His grandfather had lovingly given him his name, hoping that one day he would grow up into a ‘positive’ human being. Some 25 years later, the marine engineer from Jamshedpur in Jharkhand is despondent on being forced to bear the burden of his name.
Two years after passing out as a marine engineer from Tamil Nadu’s Noorul Islam University, Saddam Hussain says he has failed to find a job because of his namesake: the former Iraqi ruler executed in 2006. Saddam Hussein was a dictator blamed for atrocities on his subjects until toppled by the US in 2003.
“People are scared to hire me,” laments Jamshedpur’s Saddam. His job application has been rejected each of the 40-odd times he has appeared for interviews with multinational shipping companies. His batchmates around the world have secured employment, but Saddam remains unemployed despite ranking second in his batch of 2014.
For the initial six months, Saddam was unable to decipher why he was being rejected. “I then inquired with the HR departments of the companies and some of them told me my name was the problem,” he recounts. He was told that having a crew member with a name that arouses instant suspicion could be an operational nightmare.

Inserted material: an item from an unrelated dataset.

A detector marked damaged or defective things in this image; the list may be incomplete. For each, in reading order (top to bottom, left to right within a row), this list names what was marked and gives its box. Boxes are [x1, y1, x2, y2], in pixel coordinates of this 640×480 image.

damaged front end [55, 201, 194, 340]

A top executive of Delhi-based TeamLease Services, a leading recruitment consultant, agrees. “If the issue involves crossing the borders, then nothing can be done as border patrol and airport authorities are very process-driven and if there is a red flag, they will check out. If the person’s job involves frequent travel abroad, he might just keep getting stuck or the company has to pull him out of the sticky situation, making the hire cumbersome,” he points out.

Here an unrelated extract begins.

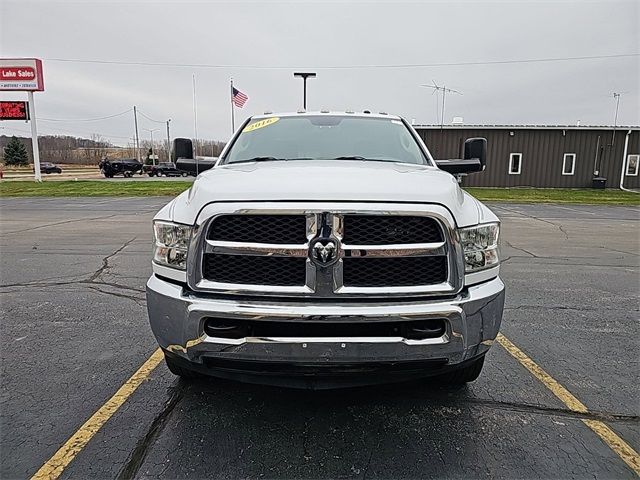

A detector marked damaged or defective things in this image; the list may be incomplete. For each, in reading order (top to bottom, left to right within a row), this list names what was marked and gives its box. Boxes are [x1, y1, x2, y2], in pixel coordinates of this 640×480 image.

crack in asphalt [116, 382, 185, 480]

“Even Shah Rukh Khan gets detained at US airports. What is this Saddam in comparision?” he asks.
Once it hit him that his name was the impediment, Saddam legally got his name changed into Sajid and procured all relevant documents, including passport, voter ID and driving licence, under the name.
But his woes did not end there.
Prospective employers ask for his educational certificates, but his university has refused to change the name until he got his Class 10 and 12 exam certificates changed first. He approached the Central Board of Secondary Education (CBSE) for a name change, but the authorities have not acted yet.
Driven to desperation, Saddam, now Sajid, moved the Jharkhand high court with a plea to direct the CBSE to change his name. But since unscrupulous people often abuse the system by frequently changing names, the court acted with caution. Last week, it set the date for a considered hearing on May 5.
Saddam remains fond of his grandfather, though he feels he is paying for his folly. As one by one his batchmates set sail after securing jobs, Saddam is left to spend sleepless nights. “I am an innocent victim of somebody else’s crimes,” he says.